**AIM OF THE TASK**
The expected output is exactly the lines below, starting at the line with "Condos for sale" and ending at the line with "- www.xpbimages.com, EMail: requests@xpbimages.com", both included; no other line belongs in it.
** Opening MATERIAL TO PROCESS block **
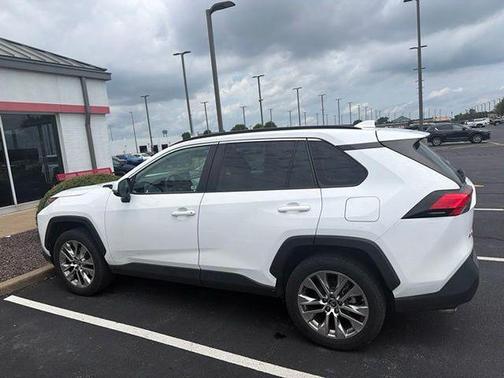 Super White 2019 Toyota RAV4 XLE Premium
** Closing MATERIAL TO PROCESS block **
** Opening MATERIAL TO PROCESS block **
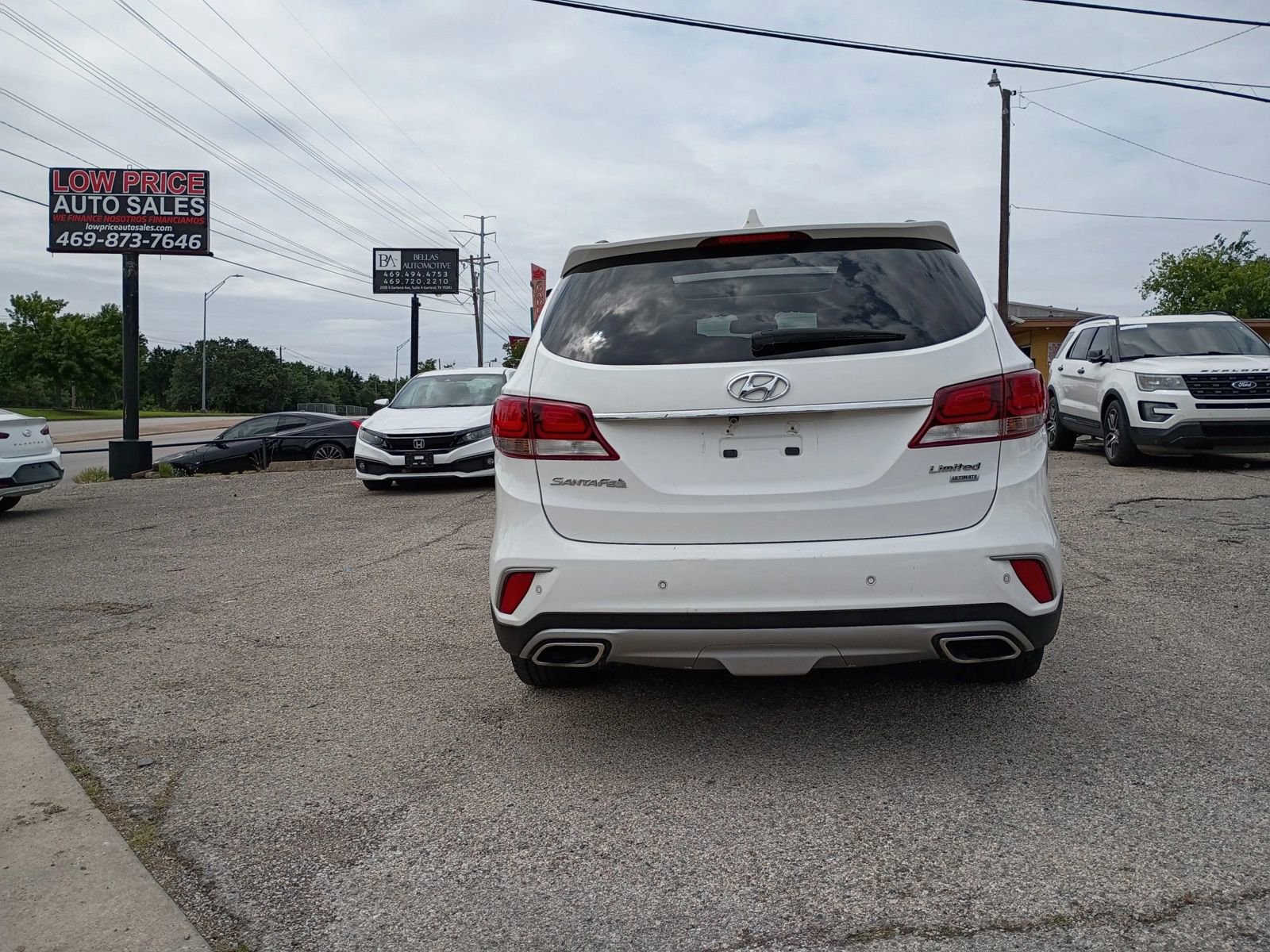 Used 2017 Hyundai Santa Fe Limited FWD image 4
** Closing MATERIAL TO PROCESS block **
** Opening MATERIAL TO PROCESS block **
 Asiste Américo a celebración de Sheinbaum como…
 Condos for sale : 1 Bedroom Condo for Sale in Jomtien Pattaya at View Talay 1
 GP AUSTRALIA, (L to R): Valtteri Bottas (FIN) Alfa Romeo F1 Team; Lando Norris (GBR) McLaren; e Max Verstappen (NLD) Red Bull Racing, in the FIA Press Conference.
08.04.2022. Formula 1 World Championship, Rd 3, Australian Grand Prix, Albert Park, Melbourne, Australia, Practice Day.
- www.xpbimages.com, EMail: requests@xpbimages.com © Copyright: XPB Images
** Closing MATERIAL TO PROCESS block **
**RESULT BELOW**
 Condos for sale : 1 Bedroom Condo for Sale in Jomtien Pattaya at View Talay 1
 GP AUSTRALIA, (L to R): Valtteri Bottas (FIN) Alfa Romeo F1 Team; Lando Norris (GBR) McLaren; e Max Verstappen (NLD) Red Bull Racing, in the FIA Press Conference.
08.04.2022. Formula 1 World Championship, Rd 3, Australian Grand Prix, Albert Park, Melbourne, Australia, Practice Day.
- www.xpbimages.com, EMail: requests@xpbimages.com © Copyright: XPB Images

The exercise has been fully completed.